I am hearing from a few folks recently. They have curiosity about the rate of filings at the OJCC. Let's be clear on what the OJCC does not know. The OJCC is a litigation and mediation process. Our function is dispute resolution and adjudication. We have no data on how many accidents are occurring in Florida (accident frequency), or are being reported. That is a function of the Division of Workers' Compensation.
The Office of Judges of Compensation Claims reports filing volumes each year in its annual report. The filing volumes of interest are both “petition” filings and “new case” filings.
In a particular case, an injured workers might file a single petition (“PFB”) or several. Thus, the PFB volumes may be a more relevant measure of litigation activity in the system, but may not provide a reliable measure of the rate at which cases are entering the litigation process. Conversely, “new cases” measures only the appearance of a new injured worker/accident date into the process. This measure may more accurately describe the “frequency” of litigated claims, but provides little insight into the intensity of those claims (is it a claim in which litigation will be for a single benefit or many?).

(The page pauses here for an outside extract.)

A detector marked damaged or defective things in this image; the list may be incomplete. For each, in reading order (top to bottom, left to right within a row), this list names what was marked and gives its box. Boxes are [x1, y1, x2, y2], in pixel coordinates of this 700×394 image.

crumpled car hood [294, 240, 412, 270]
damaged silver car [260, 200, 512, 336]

Throughout the year, we monitor the available data monthly and can project volumes based on “year-to-date.” Through the first ten months of 2016 (fiscal year runs from July 1, 2015 through June 30, 2016), Florida petition volumes were up markedly.
Overall, at the end of April, 2016 the OJCC was projecting a 10% petition filing increase for 2016. The ten month period totaled 54,369 PFB compared to 49,479 for the same ten month period in fiscal 2015.
The “new case” rates did not show as pervasive a trend toward increase, but overall suggested increase. One month conversely demonstrated a decrease in "new case" filings, and three other months of the fiscal 2016 period demonstrated less than 1% increase over the same month in 2015. At the end of April, the OJCC was projecting a probable 3.5% increase in “new cases” for 2016.
The filing of "new cases" in May 2016 (2,638) was notably higher than May 2015 (2,409), a 10% increase. Though notable, that month was not the most significant increase of the year, which was February (2,600 over 2015 total of 2,272) with a 14% one-month increase in "new cases." With May 2016 included, the projected increase for 2016 in "new cases" has been amended to 4% or more.
PFB volumes in May 2016 were more markedly increased, 6,119, compared to 4,937 in May 2015. This is an increase of 24%. The inclusion of this significant monthly increase has shifted the predicted overall increase for 2016 from 10% (estimated at the end of April 2016) to 11.2%. There was another month in 2016, November, in which the increase was as notable (22%). Thereafter the rate of increase moderated until May.
Despite the fluctuations in the volume of increase, PFB filing trends continued to be positive throughout fiscal 2016. Whether the findings regarding May signal a trend to greater increase, or an anomalous month similar to November 2015, remains to be seen.
There will be those who question why the filing rates are changing, what is the basis for the overall trends? That analysis will be for others.